Assume we have a finite field $F$ with $p^k$ elements. We start with a single non-zero element $x \in F$, and in one operation we can get the sum or product of any two elements we already have. We need to get to $1$ in the minimal number of operations. Let $C_x$ be the minimal number of operations required for $x$. Alternative definition: $C_x$ is minimal arithmetic circuit complexity for function $f$ with property $f(x) = 1$.
What is maximum value of $C_x$ across all $x$ (lets denote it $C$)?
If we are restricted to multiplication only, then the minimal number of operations for $x$ is $\lambda(\operatorname{ord}_{F^\times}(x))$ where $\lambda(n) = \min_m \ell(mn)$ and $\ell(m)$ is the length of shortest addition chain for $m$. As the set over which minimum is taken is the smallest when $x$ is a generator in $F^\times$, the maximum number of operations needed is $\lambda(|F| - 1)$, and there exists a circuit with complexity that works for all $x$ (lets call such circuits "blind").

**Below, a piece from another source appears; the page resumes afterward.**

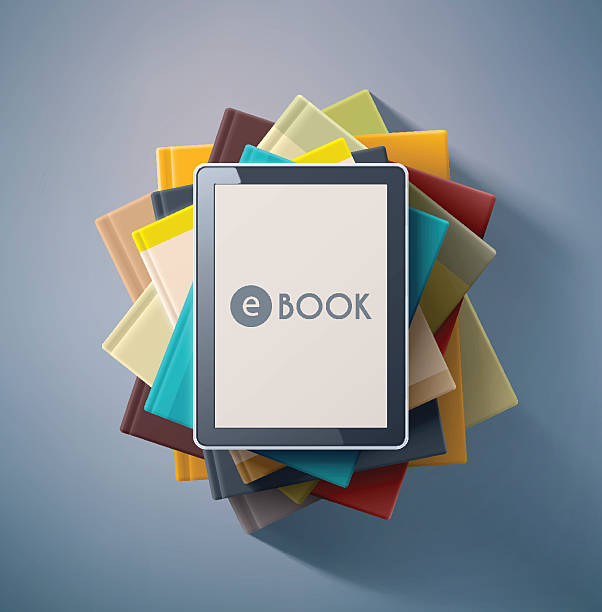 Looking down on E book on top of pile of books vector art illustration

Using only multiplication is not always optimal: for example, in $\mathbb Z_5$, we can get from $3$ to $1$ in one operation ($1 \equiv 3 + 3\pmod 5$), but we need two multiplications. However, I was not able to find any example where we can save more than one operation using addition, or where addition allows improvement over multiplication-only for all elements.

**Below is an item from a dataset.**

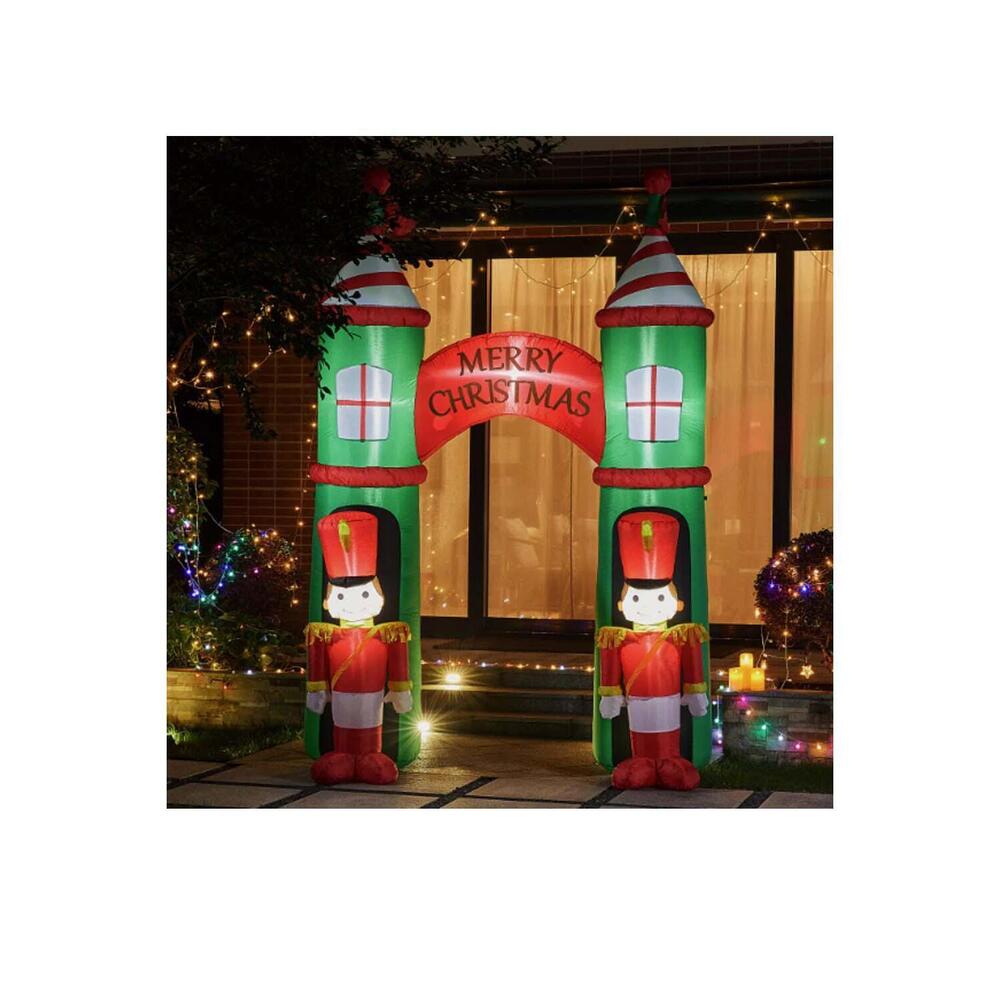 Glitzhome 10FT LED Lighted Arch Gate with Soldiers Inflatable Garden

Is it possible to do better if addition is available - ie is it possible that $C < \lambda(|F| - 1)$? Is there blind circuit with less than $\lambda(|F| - 1)$ complexity? Is there a blind circuit with complexity $C$?

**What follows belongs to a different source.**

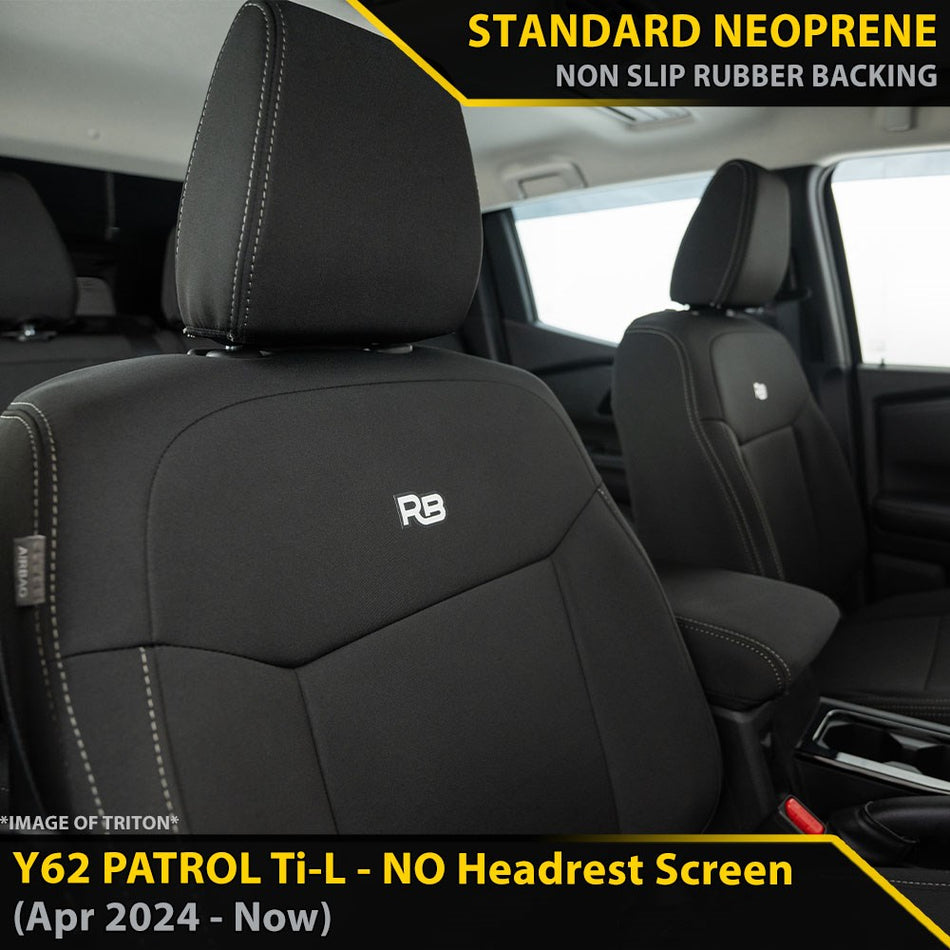 Nissan Patrol Y62 Ti-L (MY24+) GP4 Neoprene 2x Front Seat Covers (Made to Order)-Razorback 4x4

This question is heavily inspired by Finding the 1 of a finite field. The difference is that in my question we know the field structure, but can't request new elements. A lower bound of $C$ operations for this question implies boundary of at least $C/4$ for the original one (as Alice, when we ask for new elements, can just use elements that are reachable by at most two operations). Also, if for this question there is a blind optimal circuit, then the answer for the original question is not greater than for this one.